▶ **Try it**
Give the data below again exactly as written, but without the pictures.
======== Data below ========
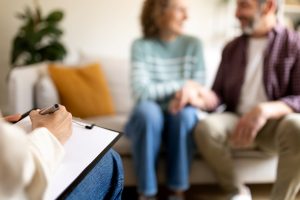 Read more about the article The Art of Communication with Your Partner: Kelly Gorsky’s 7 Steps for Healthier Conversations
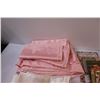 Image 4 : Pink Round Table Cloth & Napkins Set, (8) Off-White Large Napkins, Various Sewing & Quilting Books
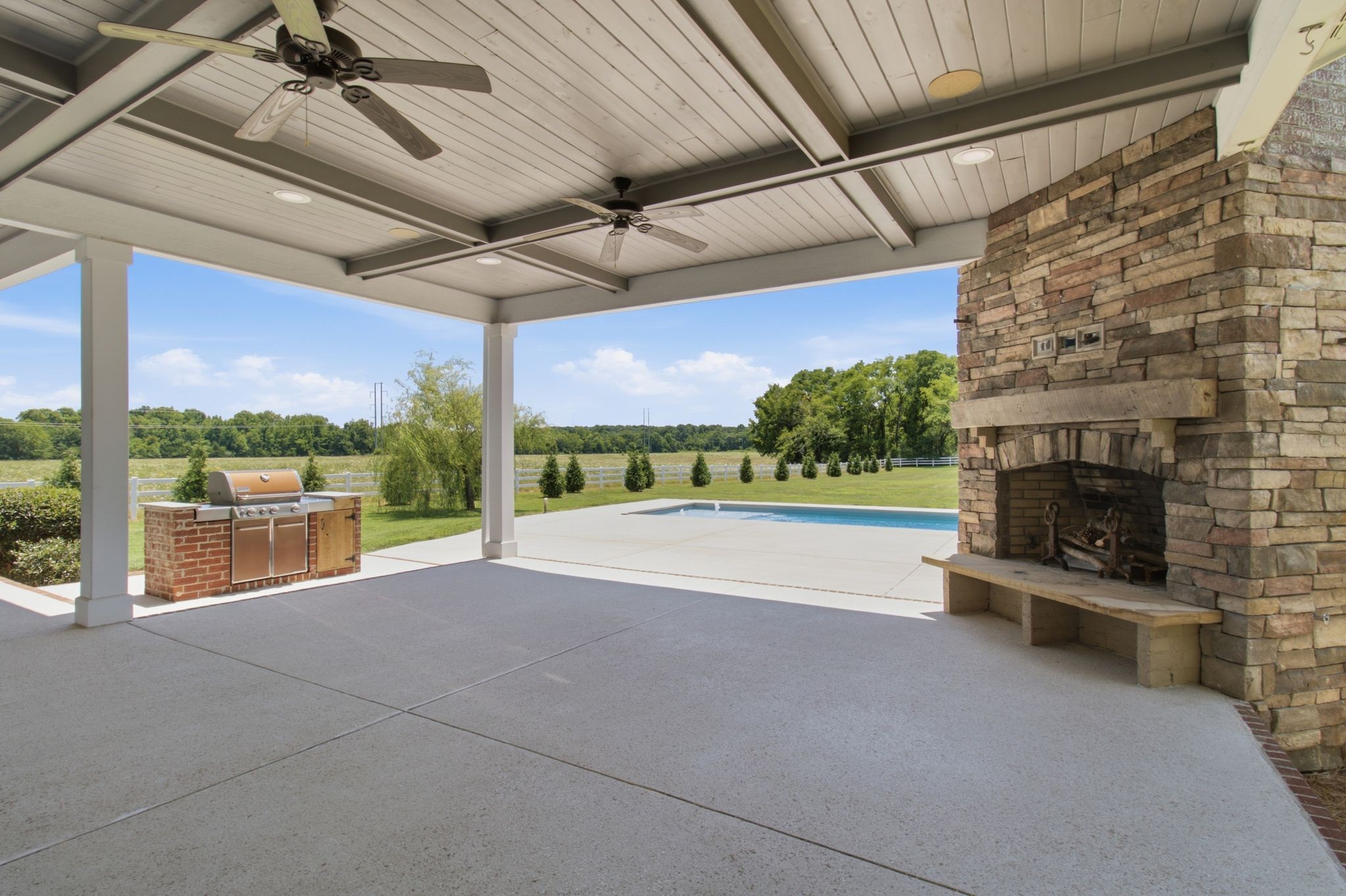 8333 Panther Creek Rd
========
▶ **Answer to the problem**
 Read more about the article The Art of Communication with Your Partner: Kelly Gorsky’s 7 Steps for Healthier Conversations
 Image 4 : Pink Round Table Cloth & Napkins Set, (8) Off-White Large Napkins, Various Sewing & Quilting Books
 8333 Panther Creek Rd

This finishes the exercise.